Your task is to filter the entries and copy every line containing the string "sounds".

[Collected data]
_ _ _ _
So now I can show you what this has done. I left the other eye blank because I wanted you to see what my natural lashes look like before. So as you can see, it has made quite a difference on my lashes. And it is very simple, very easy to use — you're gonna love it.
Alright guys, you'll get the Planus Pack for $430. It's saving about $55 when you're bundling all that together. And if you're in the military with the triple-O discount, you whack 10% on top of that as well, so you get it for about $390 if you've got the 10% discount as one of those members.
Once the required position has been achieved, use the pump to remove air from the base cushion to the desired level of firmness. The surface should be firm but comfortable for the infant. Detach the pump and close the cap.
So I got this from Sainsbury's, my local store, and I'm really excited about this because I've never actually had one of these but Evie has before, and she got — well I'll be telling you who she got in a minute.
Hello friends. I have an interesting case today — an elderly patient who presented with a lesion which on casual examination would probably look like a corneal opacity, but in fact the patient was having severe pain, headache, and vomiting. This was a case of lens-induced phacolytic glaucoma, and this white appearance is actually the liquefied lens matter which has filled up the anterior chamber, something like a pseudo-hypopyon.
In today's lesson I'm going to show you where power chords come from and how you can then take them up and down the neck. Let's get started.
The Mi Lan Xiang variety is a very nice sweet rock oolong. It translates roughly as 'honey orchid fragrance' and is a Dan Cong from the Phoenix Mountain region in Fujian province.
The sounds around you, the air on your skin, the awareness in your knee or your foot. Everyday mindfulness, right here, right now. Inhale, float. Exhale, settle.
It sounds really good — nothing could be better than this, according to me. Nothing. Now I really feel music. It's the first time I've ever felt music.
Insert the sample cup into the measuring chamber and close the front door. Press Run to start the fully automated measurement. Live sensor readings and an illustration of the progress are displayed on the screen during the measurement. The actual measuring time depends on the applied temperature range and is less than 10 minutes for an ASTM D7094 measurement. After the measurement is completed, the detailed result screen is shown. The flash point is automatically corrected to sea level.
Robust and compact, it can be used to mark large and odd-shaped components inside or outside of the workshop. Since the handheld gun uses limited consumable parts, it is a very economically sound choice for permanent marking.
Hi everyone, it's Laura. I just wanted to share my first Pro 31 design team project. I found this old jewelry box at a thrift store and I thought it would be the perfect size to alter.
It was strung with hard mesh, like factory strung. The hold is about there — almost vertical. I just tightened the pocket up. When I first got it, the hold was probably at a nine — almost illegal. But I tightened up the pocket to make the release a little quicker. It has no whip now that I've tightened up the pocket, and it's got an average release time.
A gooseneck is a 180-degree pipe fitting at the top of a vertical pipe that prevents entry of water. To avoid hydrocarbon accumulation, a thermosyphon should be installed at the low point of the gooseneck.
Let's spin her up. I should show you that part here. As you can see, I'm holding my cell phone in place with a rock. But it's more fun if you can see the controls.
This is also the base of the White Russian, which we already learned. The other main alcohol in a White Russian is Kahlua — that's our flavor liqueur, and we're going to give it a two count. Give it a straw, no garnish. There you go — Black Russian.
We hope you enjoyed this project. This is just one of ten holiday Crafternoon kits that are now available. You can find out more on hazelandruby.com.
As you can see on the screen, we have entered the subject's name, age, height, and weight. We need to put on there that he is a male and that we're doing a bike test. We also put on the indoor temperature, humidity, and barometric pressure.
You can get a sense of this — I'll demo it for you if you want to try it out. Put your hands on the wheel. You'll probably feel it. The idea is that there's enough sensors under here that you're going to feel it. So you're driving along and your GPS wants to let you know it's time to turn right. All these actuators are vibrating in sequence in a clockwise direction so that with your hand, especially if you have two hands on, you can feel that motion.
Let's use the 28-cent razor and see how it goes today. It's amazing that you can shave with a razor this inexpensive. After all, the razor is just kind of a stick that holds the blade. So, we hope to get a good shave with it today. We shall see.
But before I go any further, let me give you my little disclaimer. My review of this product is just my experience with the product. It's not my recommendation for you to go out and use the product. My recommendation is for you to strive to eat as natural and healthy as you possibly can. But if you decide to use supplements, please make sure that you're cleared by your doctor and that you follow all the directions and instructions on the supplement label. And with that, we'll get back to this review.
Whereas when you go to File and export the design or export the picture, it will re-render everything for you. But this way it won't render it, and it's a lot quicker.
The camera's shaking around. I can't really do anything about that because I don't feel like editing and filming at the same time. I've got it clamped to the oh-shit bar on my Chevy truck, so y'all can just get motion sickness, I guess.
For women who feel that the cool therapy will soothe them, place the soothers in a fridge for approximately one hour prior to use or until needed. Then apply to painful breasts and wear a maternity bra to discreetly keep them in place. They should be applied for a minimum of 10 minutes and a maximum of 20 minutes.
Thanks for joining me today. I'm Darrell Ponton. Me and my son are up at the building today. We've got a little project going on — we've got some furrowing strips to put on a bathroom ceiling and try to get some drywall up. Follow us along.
_ _ _ _
» **Final answer**
The sounds around you, the air on your skin, the awareness in your knee or your foot. Everyday mindfulness, right here, right now. Inhale, float. Exhale, settle.
It sounds really good — nothing could be better than this, according to me. Nothing. Now I really feel music. It's the first time I've ever felt music.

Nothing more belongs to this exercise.